_EXERCISE DESCRIPTION_. Set down the data below without change, skipping the pictures it holds.

EXERCISE INPUTS section start

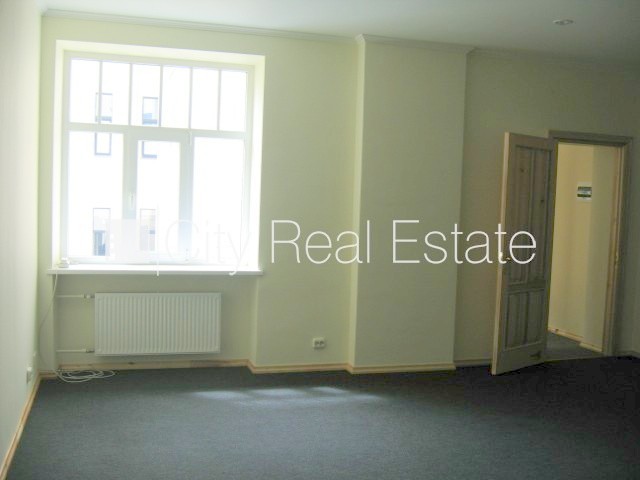 Объявление. Дом во дворе, реновированный дом, закрытая территория, вход со двора, лифт, лестничная клетка после Цена: 600 EUR/мес. Foto #14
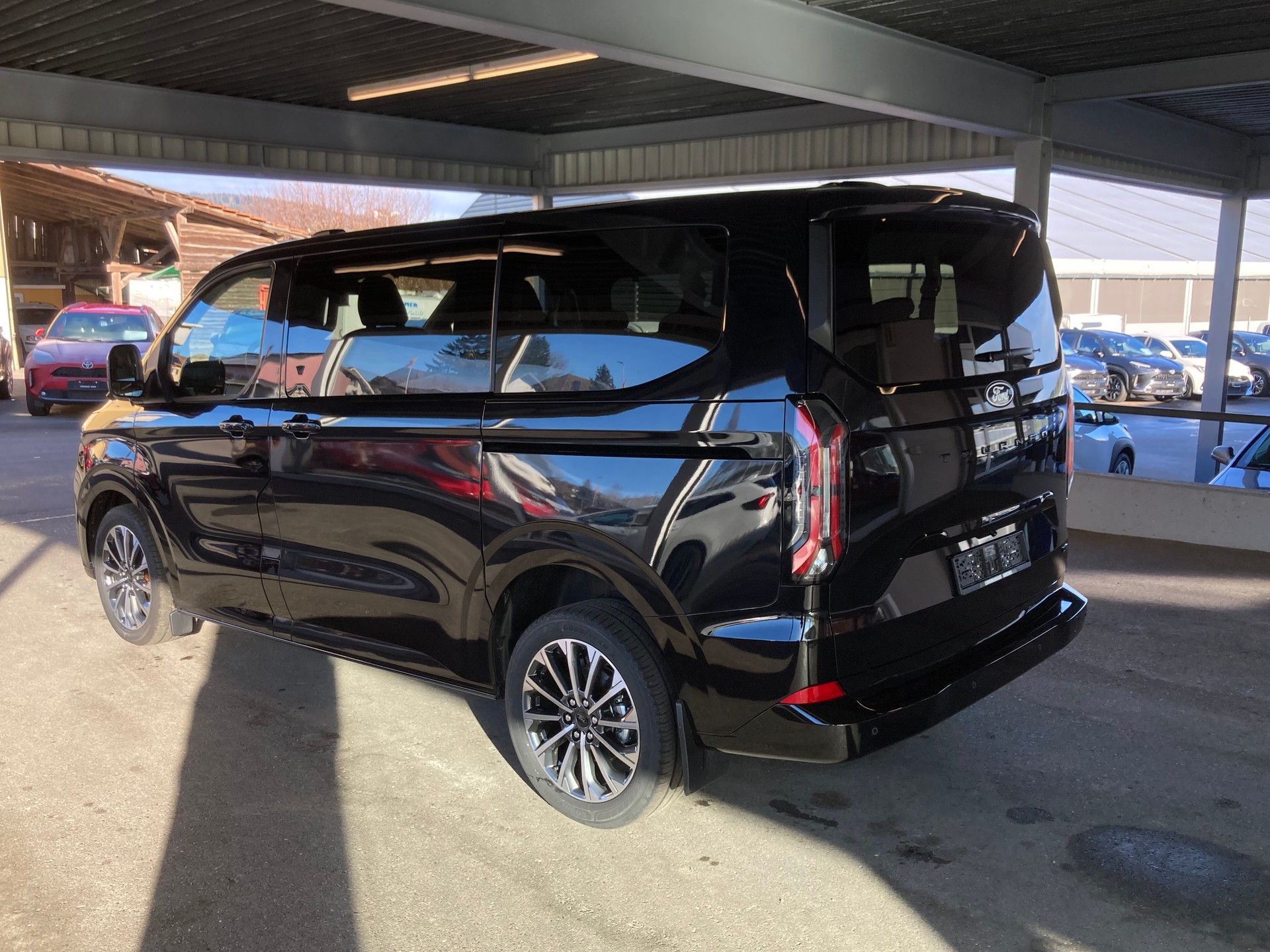 FORD Tourneo Bus 320 L1H1 TitaniumX Automat 4x4-image-4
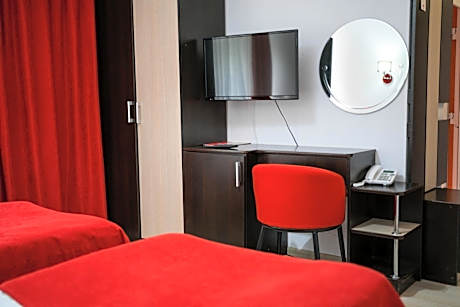 Twin Room with Mountain View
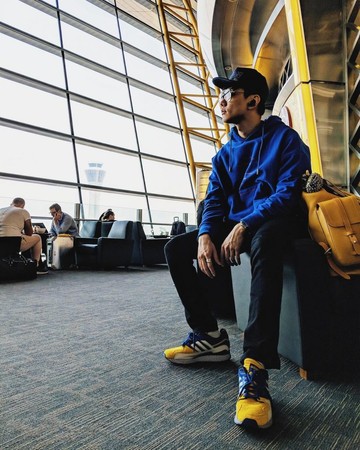 林俊杰在机场不停秀限量鞋,你想买的都在他脚上!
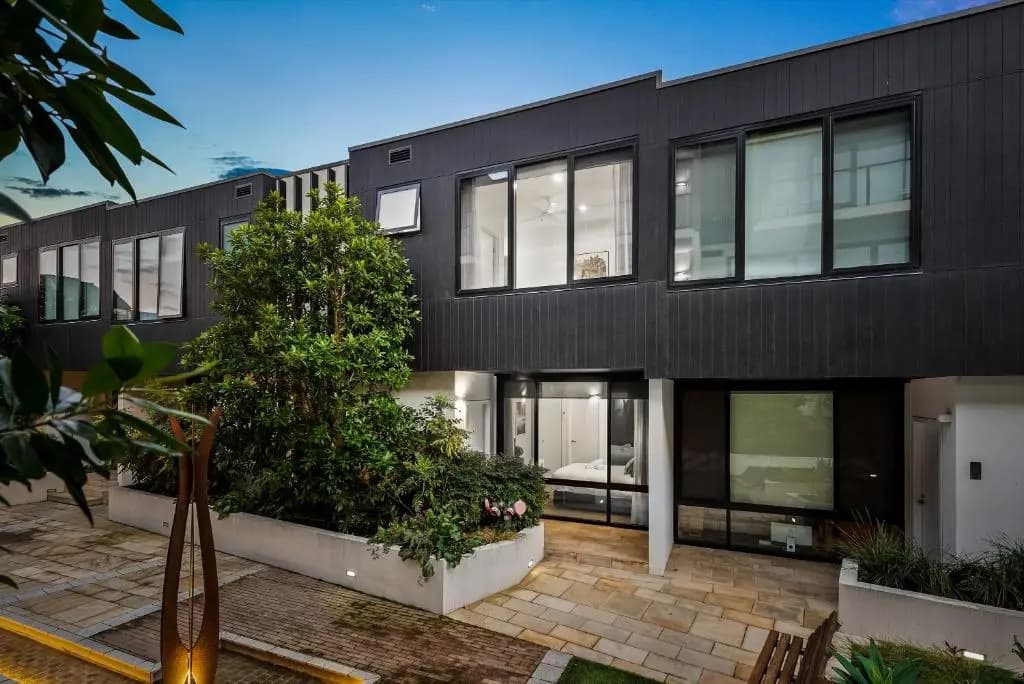 StayCentral Northcote Townhouse With Study - main photo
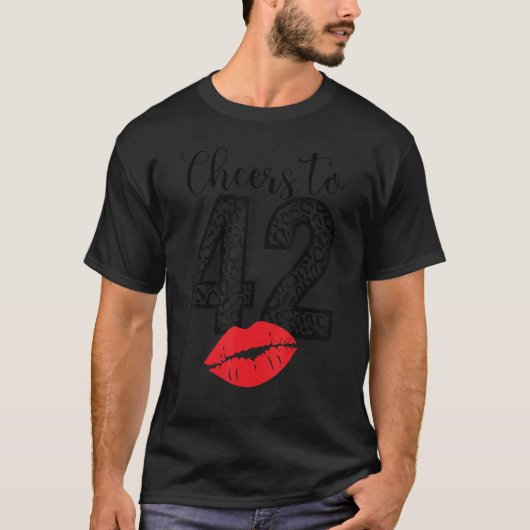 Cheers To 42 Years Lips Happy Birthday Leopard Bor Tシャツ (正面)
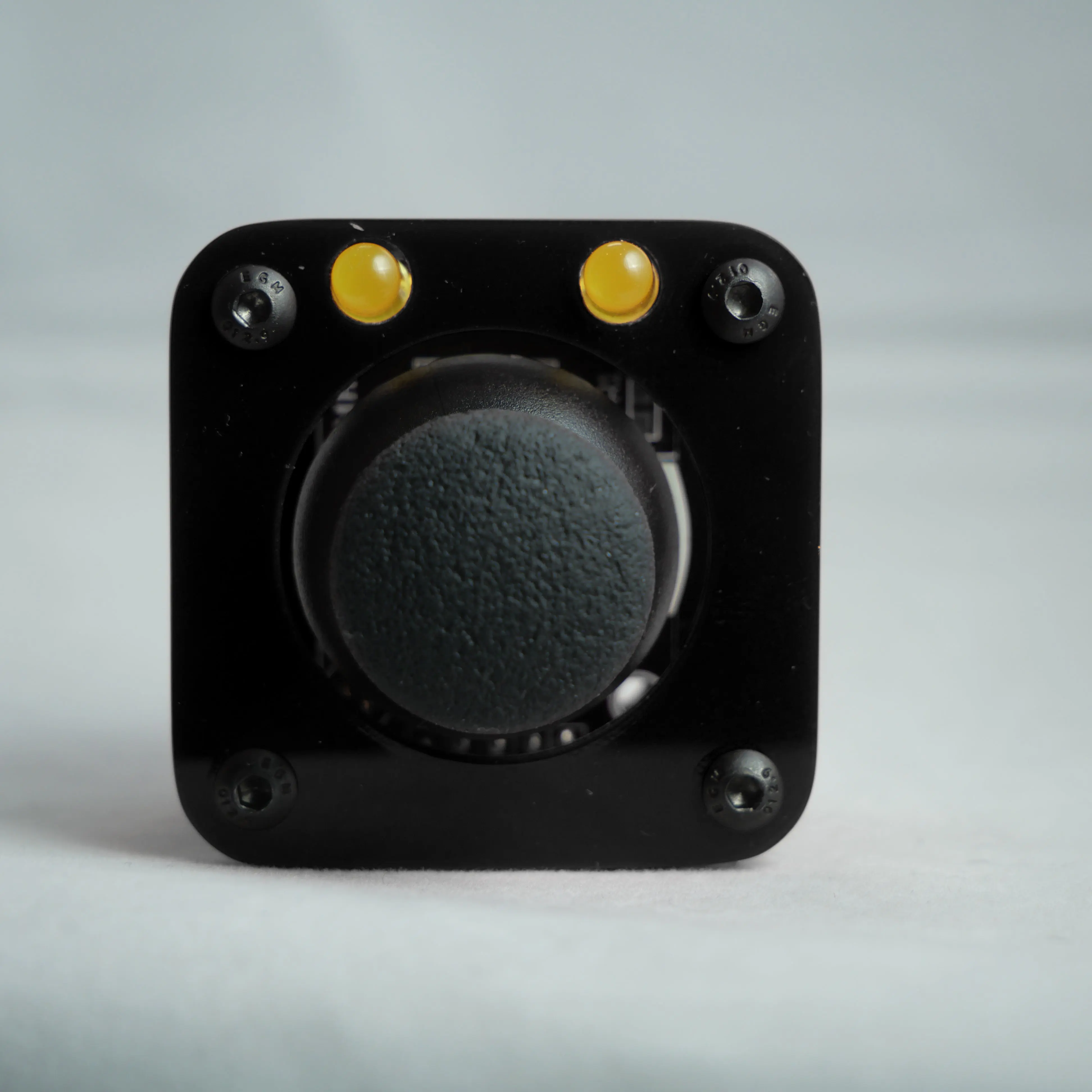 pipSqueak Black MIDI controller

EXERCISE INPUTS section end

_OUTPUT BELOW_.
 Объявление. Дом во дворе, реновированный дом, закрытая территория, вход со двора, лифт, лестничная клетка после Цена: 600 EUR/мес. Foto #14
 FORD Tourneo Bus 320 L1H1 TitaniumX Automat 4x4-image-4
 Twin Room with Mountain View
 林俊杰在机场不停秀限量鞋,你想买的都在他脚上!
 StayCentral Northcote Townhouse With Study - main photo
 Cheers To 42 Years Lips Happy Birthday Leopard Bor Tシャツ (正面)
 pipSqueak Black MIDI controller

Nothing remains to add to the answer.